Research topics range from whether a person with COVID-19 might be affected by exercise in hot climates to a grant funded by NASA.
HIGH POINT, North Carolina, July 15, 2021 – The High Point University campus is bustling with creativity this summer as faculty and students collaborate in three unique summer research programs.
Students from all university schools participate in three programs that students applied to during the spring semester. The programs are SuRPS (Summer Research Programs in the Sciences), SuRI (Summer Research Institute) and SuRF (Summer Research Fellowship).
âThere are tons of opportunities to do research at High Point University,â says Maggie Mauer, a biology major from Rome, Georgia. âIt helped me build relationships and gain research experience. The skills I learned here in the lab will be carried through to college and beyond.
âDoing college research at HPU influences what I would like to do in the future,â says Andrew Lawrence, a junior specializing in chemistry. âBeing in research has definitely opened my eyes to the field of research and what kind of chemistry I would like to be in after graduation.
Summer Science Research Programs (SuRPS)
This is the first year that the summer research has taken place inside the Wanek School of Natural Sciences, which opened in the fall of 2019. The research program was halted in the summer of 2020 due to the pandemic. Dr. Brian Augustine, chair of the chemistry department and director of SuRPS, says faculty and students are thrilled to use the impressive equipment, lab space and state-of-the-art classrooms.
Their projects include studying star systems in a NASA-funded project, to test different combinations of drugs on the growth of bacteria and to replicate different tiny films of certain polymers.
âFilms have potential applications in technologies that require large area materials, such as battery technology, catalytic materials, and surfaces designed for cell growth,â says Augustine. âOne of my students models materials at the nanoscale. It helps me understand some cutting edge projects that we will be using in our nanoscience class lab, such as the controlled structuring of nanoscale structures.

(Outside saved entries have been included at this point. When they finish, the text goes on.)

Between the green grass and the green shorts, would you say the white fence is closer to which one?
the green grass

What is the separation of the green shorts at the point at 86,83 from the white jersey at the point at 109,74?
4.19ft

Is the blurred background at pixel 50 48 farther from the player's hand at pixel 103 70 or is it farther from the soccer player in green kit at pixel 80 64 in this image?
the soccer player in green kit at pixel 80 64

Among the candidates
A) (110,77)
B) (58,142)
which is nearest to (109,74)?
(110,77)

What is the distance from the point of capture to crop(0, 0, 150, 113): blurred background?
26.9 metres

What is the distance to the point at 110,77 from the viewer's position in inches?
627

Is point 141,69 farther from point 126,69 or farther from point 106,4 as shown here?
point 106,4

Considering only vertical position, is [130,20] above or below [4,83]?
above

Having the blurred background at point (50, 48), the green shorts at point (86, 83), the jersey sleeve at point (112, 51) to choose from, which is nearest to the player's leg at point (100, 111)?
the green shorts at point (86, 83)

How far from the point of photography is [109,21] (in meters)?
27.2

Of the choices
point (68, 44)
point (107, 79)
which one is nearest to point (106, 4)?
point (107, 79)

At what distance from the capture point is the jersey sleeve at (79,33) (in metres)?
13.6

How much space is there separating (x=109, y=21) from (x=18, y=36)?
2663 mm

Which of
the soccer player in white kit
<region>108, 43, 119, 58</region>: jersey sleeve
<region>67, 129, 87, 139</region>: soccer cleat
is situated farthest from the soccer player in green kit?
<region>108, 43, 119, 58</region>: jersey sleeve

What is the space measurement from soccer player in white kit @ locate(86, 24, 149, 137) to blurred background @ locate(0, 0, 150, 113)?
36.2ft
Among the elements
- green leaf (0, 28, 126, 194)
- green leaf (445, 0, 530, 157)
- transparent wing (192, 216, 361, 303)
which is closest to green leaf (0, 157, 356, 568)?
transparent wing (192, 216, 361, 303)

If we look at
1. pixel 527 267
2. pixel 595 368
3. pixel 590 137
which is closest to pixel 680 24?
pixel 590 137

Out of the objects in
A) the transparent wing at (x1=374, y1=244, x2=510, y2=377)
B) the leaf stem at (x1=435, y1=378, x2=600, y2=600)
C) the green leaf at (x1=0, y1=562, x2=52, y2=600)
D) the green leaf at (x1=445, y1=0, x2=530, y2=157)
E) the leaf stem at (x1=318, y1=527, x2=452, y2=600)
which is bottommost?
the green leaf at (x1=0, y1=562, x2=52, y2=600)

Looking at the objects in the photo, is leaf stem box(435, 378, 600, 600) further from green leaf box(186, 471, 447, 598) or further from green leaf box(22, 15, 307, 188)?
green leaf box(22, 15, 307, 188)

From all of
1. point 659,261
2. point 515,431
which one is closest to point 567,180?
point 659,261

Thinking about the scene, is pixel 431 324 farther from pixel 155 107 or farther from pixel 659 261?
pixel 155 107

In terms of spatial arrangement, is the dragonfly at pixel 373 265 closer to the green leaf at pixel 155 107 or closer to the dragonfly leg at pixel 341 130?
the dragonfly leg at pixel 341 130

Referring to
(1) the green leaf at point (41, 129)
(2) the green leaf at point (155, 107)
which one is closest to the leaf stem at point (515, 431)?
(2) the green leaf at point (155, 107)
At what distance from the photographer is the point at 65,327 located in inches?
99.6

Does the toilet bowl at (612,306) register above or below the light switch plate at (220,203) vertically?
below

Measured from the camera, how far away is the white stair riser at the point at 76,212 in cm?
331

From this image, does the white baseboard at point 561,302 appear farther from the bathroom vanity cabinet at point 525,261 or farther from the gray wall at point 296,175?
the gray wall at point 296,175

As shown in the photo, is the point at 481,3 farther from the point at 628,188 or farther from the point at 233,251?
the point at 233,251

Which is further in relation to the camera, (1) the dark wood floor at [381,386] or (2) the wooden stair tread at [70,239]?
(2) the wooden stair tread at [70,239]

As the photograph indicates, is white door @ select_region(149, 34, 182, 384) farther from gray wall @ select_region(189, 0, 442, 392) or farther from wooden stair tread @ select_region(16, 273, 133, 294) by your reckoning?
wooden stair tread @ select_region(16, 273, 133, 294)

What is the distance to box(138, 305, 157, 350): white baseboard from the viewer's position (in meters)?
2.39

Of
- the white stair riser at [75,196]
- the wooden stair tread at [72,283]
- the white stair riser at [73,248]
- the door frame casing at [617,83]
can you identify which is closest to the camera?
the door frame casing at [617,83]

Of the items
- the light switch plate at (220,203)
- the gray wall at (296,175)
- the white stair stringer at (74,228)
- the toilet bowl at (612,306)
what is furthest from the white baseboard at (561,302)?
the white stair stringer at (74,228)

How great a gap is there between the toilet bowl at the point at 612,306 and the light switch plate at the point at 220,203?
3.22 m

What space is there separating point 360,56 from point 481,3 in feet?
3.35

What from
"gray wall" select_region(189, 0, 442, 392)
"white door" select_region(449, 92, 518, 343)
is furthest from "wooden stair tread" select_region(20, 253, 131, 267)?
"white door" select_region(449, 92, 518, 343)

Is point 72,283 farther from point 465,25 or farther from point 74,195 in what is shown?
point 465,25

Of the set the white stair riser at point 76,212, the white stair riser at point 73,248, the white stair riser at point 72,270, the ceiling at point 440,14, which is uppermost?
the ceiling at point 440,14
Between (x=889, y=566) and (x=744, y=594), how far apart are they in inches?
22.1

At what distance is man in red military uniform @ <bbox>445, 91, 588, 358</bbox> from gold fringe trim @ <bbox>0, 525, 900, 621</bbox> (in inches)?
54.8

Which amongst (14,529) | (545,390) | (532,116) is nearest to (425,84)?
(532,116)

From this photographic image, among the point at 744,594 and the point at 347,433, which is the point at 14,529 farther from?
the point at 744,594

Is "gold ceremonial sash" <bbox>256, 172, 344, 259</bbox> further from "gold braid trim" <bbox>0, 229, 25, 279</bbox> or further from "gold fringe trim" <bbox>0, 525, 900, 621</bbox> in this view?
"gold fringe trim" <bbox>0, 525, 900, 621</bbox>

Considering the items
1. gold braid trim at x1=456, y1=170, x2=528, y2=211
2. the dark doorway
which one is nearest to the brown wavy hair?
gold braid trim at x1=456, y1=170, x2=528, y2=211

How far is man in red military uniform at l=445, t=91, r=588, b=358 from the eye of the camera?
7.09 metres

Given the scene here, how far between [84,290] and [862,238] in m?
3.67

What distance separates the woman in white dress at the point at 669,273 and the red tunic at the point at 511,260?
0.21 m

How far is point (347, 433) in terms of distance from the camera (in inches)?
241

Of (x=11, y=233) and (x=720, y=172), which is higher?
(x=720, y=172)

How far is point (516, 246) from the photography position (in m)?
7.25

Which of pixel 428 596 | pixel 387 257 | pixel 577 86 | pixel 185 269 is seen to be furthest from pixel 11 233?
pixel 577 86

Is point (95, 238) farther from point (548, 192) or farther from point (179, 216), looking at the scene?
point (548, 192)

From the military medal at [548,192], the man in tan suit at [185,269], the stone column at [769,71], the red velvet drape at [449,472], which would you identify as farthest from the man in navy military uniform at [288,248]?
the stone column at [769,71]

Summer research grant (SuRF)
Dr Matthew Kuennen, Assistant Professor of Exercise Science, works with two SuRF students in the Human Biomechanics and Physiology Laboratory at the Congdon School of Health Sciences. Rachael Badaeu, a junior, and Rachel Kowis, a senior, use a specially designed environmental chamber to determine whether people with COVID-19 respond differently to prolonged work or exercise in hot weather. There has also been discussion about whether people with certain viral infections are at greater risk for exercise heat stroke. The blood markers and cardiovascular data that are examined in this study could answer this question.

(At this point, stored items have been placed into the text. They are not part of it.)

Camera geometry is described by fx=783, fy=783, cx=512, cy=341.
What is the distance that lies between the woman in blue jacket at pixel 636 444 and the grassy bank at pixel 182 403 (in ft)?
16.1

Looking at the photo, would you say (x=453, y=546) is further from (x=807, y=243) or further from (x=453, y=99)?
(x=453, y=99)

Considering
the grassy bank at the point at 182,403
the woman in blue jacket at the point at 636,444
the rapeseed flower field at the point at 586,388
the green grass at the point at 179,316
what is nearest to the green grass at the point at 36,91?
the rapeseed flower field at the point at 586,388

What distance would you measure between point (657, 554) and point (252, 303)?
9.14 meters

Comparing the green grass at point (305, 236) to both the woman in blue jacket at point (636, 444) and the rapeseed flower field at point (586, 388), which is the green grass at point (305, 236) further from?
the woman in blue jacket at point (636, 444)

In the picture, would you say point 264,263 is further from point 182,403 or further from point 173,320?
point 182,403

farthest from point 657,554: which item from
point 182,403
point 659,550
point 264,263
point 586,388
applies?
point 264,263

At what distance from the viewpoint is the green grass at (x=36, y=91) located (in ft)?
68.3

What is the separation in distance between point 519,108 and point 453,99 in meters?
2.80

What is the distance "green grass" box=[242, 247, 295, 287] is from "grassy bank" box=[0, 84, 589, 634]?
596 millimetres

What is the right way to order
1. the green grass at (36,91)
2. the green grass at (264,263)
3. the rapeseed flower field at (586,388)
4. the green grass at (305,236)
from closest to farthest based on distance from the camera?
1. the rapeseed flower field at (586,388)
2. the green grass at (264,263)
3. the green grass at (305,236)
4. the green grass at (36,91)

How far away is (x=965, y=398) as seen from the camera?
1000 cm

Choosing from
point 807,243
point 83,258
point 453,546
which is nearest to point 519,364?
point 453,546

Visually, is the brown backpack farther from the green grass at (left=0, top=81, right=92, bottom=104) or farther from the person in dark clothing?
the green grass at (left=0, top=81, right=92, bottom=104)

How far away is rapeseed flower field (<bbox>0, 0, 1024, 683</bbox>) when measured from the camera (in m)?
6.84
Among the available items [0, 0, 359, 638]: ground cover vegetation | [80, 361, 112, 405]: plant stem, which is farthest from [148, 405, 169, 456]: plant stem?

“Focusing on a research project at HPU in the summer is a really interesting experience because it’s not like our normal lab work with classes where we do something new every week”, explains Rachel Kowis, specialist in neuroscience. and psychology. âWe are able to pursue a specific project over a long period of time, and it’s exciting to see that all come together. “
Summer Research Institute (SuRI)
Students from different scientific and non-scientific fields are participating in SuRI this summer. Research in this program includes specialization topics in biology, psychology, exercise science, history, games, education, and communication. Dr. Joanne Altman, director of the Office of Undergraduate Research and Creative Work at HPU, leads the program to collaborate with students and faculty from a variety of specialties.
Dr Aurijit Sarkar, assistant professor of basic pharmaceutical sciences, is working with three students at the Fred Wilson School of Pharmacy this summer to find ways to target bacterial pathogens to fight drug-resistant superbugs.
âI learned a lot of amazing lab techniques and expanded my knowledge through this research,â says Neuroscience student Allison Tucker. âIt’s wonderful to be invested in a lab like this because it’s also a university level lab and you run your own experiments and interpret your own data with guidance.